State of the banks
The financial services industry is today arguably the world’s most powerful industry. The global financial system is responsible for moving trillions of dollars every day, serving billions of people, and supporting a world economy worth more than $100 trillion. A closer inspection of this omnipresent money machine, however, reveals the haphazard ways in which it has evolved. Most notably, the machine is plagued by a helter-skelter patchwork of new technology welded onto old infrastructure. Take, for instance, the somewhat strange co-existence of internet banking and paper check issuance at banks that run on mainframe computing infrastructure from the 1970s. Or the fact that, when a customer uses Apple Pay to buy a drink at Starbucks, the money goes through some five different intermediaries before finally reaching the coffee chain’s bank account – the transaction clears in seconds, but takes days to settle.
Such bizarre ways of working are widespread in the industry. Stock and bond trades clear almost instantly but take two to three days to settle. A foreign laborer in Singapore earning daily wages could wire his money home and, in the process, have to tolerate absurd transaction costs and a long wait, as if it were physical notes making their way across the world. Worse still, such daily wage laborers – part of the almost one billion people around the world living on less than two dollars a day – are seen as unattractive for banks to take on.
The crux of these problems lies with the fact that the gears of the financial services industry are powerful centralized intermediaries that consolidate capital and enforce monopoly economics.
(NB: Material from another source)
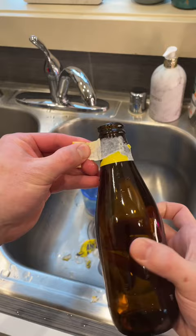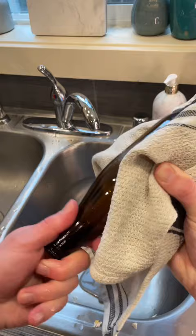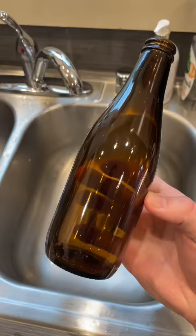If your bottle has a neck label that's just as stubborn, pretty much the same process works on that too. Finally, you can throw that bottle in the dishwasher to get any residual stubborn glue off and to sanitize it to fill it up with some good homebrew. Cheers!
This makes the industry exclusive and centralized, leaving billions unbanked and the industry vulnerable to Equifax-like data breaches.
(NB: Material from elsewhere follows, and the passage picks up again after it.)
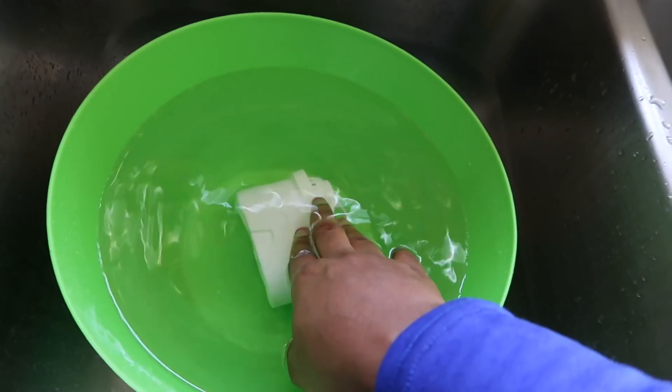The next thing I want to share is this veggie wash. I've been using this for years and I really love it. It does a really good job cleaning your vegetables and getting that wax off — especially with apples. I definitely recommend this; I've had no issues with it.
So how can we make today’s money machine efficient, secure and truly global in scope?
In cryptography we trust
In the wake of the global financial crisis was unveiled the world’s first cryptocurrency, bitcoin, by an anonymous person (or persons) under the pseudonym Satoshi Nakamoto. The fundamental message in Nakamoto’s white paper ‘Bitcoin: A Peer-to-Peer Electronic Cash System’ resonated with the belief that the mass adoption of virtual currencies would ultimately obliterate the institutions – intermediaries such as banks and other ‘trusted’ third parties – that, one could argue, were responsible for the crisis. The white paper proposed a breakthrough approach to owning, exchanging and accounting for value.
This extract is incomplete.